Voici, en effet, quelle est la situation et la disposition extérieure du donjon dans la forteresse de Pisino.

Ce donjon occupe le côté d’une terrasse, qui termine brusquement la ville en cet endroit. Si l’on s’appuie sur le parapet de cette terrasse, le regard plonge dans un gouffre large et profond, dont les parois ardues, tapissées de longues lianes échevelées, sont coupées à pic. Rien ne surplombe de cette muraille. Pas une marche pour y monter ou en descendre. Pas un palier pour y faire halte. Aucun point d’appui nulle part. Rien que des stries capricieuses, lisses, effritées, incertaines, qui marquent le clivage oblique des roches. En un mot, un abîme qui attire, qui fascine et qui ne rendrait rien de ce qu’on y aurait précipité.
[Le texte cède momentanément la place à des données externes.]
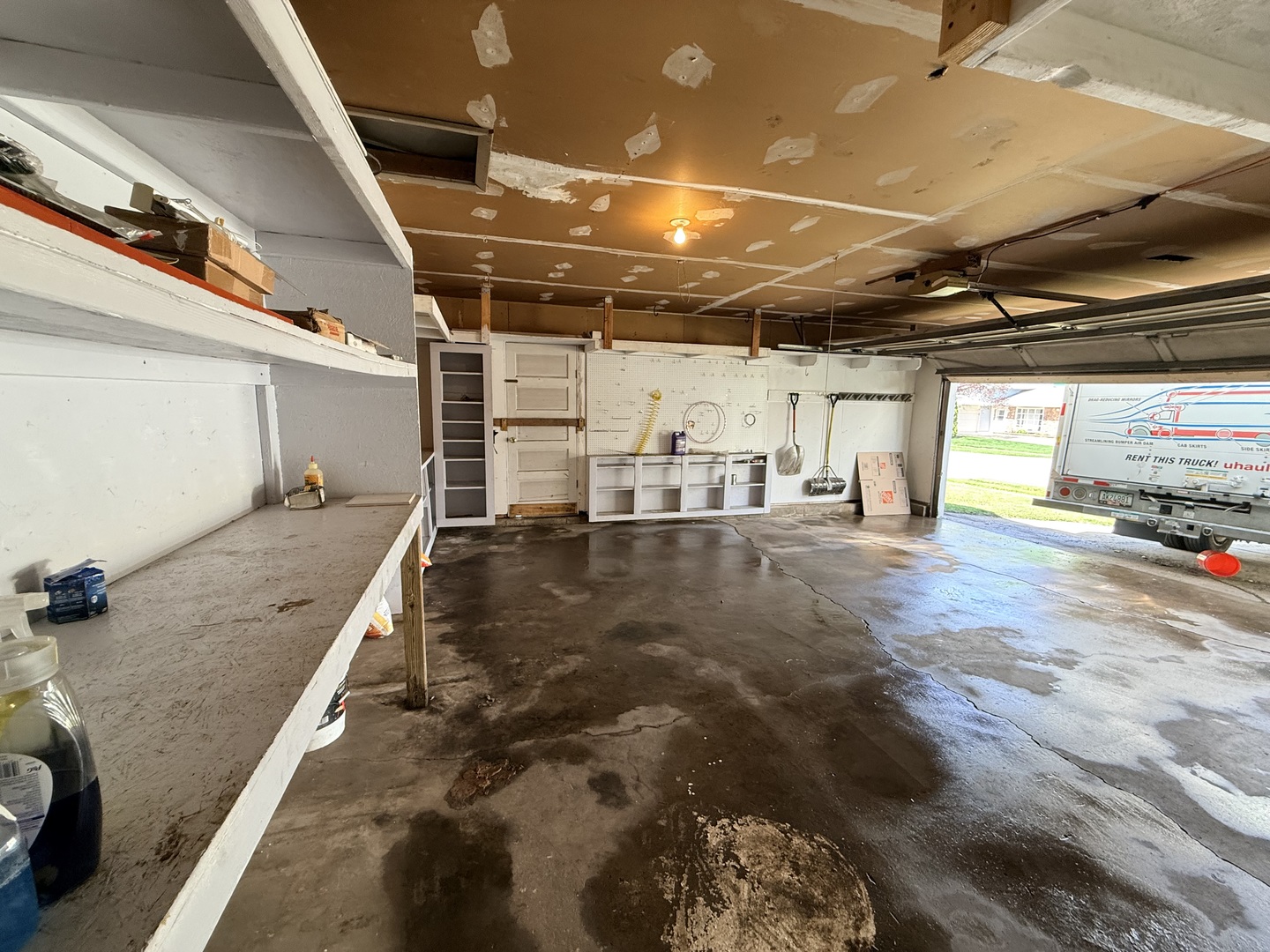 375 Longford Drive, Elgin, IL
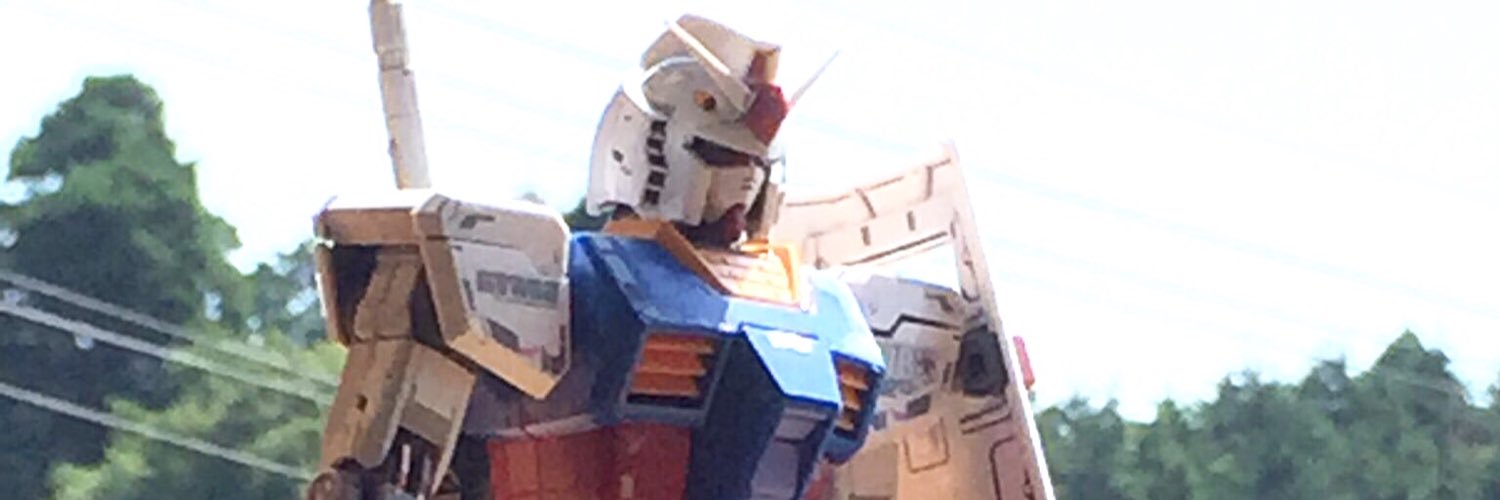 marcyismoder's profile banner image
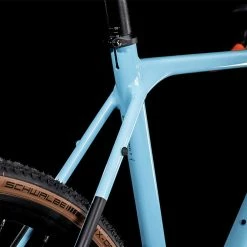 Cube Cross Race Pro Blue´n´black 7 Cube Cross Race Pro Blue´n´black -Vélo de route Soldes 588200 D2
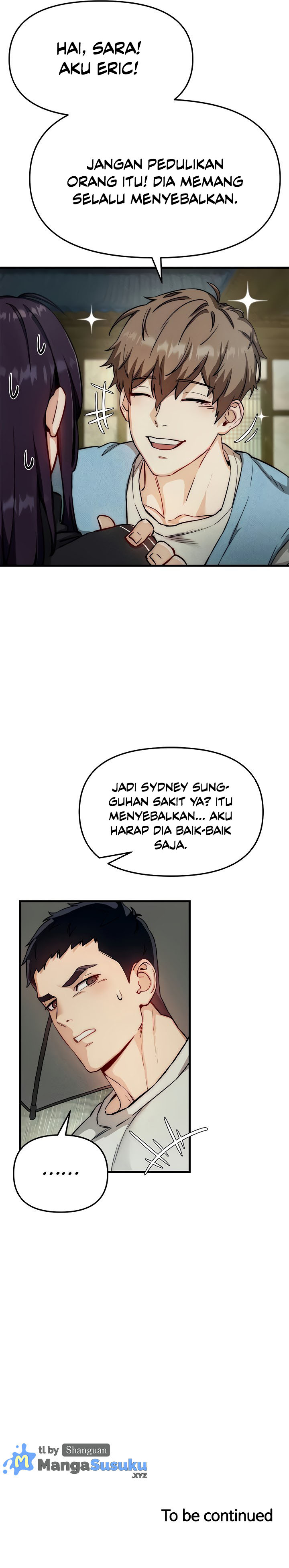 image-komik-slutification-akachan-chapter-05-5/6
C’est au-dessus de cet abîme que se dresse un des murs latéraux du donjon, percé de quelques rares fenêtres, éclairant les cellules des divers étages. Si un prisonnier se fût penché en dehors de l’une de ces ouvertures, il aurait reculé d’effroi, à moins que le vertige ne l’eût entraîné dans le vide ! Et s’il tombait, qu’arriverait-il ? Ou son corps se briserait sur les roches du fond, ou il serait emporté par un torrent, dont le courant est irrésistible à l’époque des fortes eaux.